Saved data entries
^^^^^^^^^^^^^^^^

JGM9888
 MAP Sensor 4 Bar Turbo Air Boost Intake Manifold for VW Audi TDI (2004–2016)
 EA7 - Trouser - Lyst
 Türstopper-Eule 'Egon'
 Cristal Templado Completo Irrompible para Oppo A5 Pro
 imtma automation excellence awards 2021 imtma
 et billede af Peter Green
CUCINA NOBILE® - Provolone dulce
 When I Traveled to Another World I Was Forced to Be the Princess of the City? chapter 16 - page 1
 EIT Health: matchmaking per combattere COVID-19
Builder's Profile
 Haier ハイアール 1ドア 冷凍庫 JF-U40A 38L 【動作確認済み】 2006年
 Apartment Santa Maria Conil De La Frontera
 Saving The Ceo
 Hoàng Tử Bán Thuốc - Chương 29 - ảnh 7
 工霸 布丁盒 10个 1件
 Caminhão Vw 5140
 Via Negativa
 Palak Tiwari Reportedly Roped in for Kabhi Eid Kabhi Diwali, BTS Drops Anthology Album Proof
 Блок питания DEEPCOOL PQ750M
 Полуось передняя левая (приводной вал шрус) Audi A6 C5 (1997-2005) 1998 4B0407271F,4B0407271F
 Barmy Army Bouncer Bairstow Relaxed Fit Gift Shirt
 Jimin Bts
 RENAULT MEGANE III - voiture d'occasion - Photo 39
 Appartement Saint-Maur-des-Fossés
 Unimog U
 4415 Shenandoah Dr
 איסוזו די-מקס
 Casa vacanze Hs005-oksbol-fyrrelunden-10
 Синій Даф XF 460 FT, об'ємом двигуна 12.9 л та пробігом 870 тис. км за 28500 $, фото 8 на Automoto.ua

^^^^^^^^^^^^^^^^

Exercise brief
Every entry above should be duplicated exactly.

Answer for the task
JGM9888
 MAP Sensor 4 Bar Turbo Air Boost Intake Manifold for VW Audi TDI (2004–2016)
 EA7 - Trouser - Lyst
 Türstopper-Eule 'Egon'
 Cristal Templado Completo Irrompible para Oppo A5 Pro
 imtma automation excellence awards 2021 imtma
 et billede af Peter Green
CUCINA NOBILE® - Provolone dulce
 When I Traveled to Another World I Was Forced to Be the Princess of the City? chapter 16 - page 1
 EIT Health: matchmaking per combattere COVID-19
Builder's Profile
 Haier ハイアール 1ドア 冷凍庫 JF-U40A 38L 【動作確認済み】 2006年
 Apartment Santa Maria Conil De La Frontera
 Saving The Ceo
 Hoàng Tử Bán Thuốc - Chương 29 - ảnh 7
 工霸 布丁盒 10个 1件
 Caminhão Vw 5140
 Via Negativa
 Palak Tiwari Reportedly Roped in for Kabhi Eid Kabhi Diwali, BTS Drops Anthology Album Proof
 Блок питания DEEPCOOL PQ750M
 Полуось передняя левая (приводной вал шрус) Audi A6 C5 (1997-2005) 1998 4B0407271F,4B0407271F
 Barmy Army Bouncer Bairstow Relaxed Fit Gift Shirt
 Jimin Bts
 RENAULT MEGANE III - voiture d'occasion - Photo 39
 Appartement Saint-Maur-des-Fossés
 Unimog U
 4415 Shenandoah Dr
 איסוזו די-מקס
 Casa vacanze Hs005-oksbol-fyrrelunden-10
 Синій Даф XF 460 FT, об'ємом двигуна 12.9 л та пробігом 870 тис. км за 28500 $, фото 8 на Automoto.ua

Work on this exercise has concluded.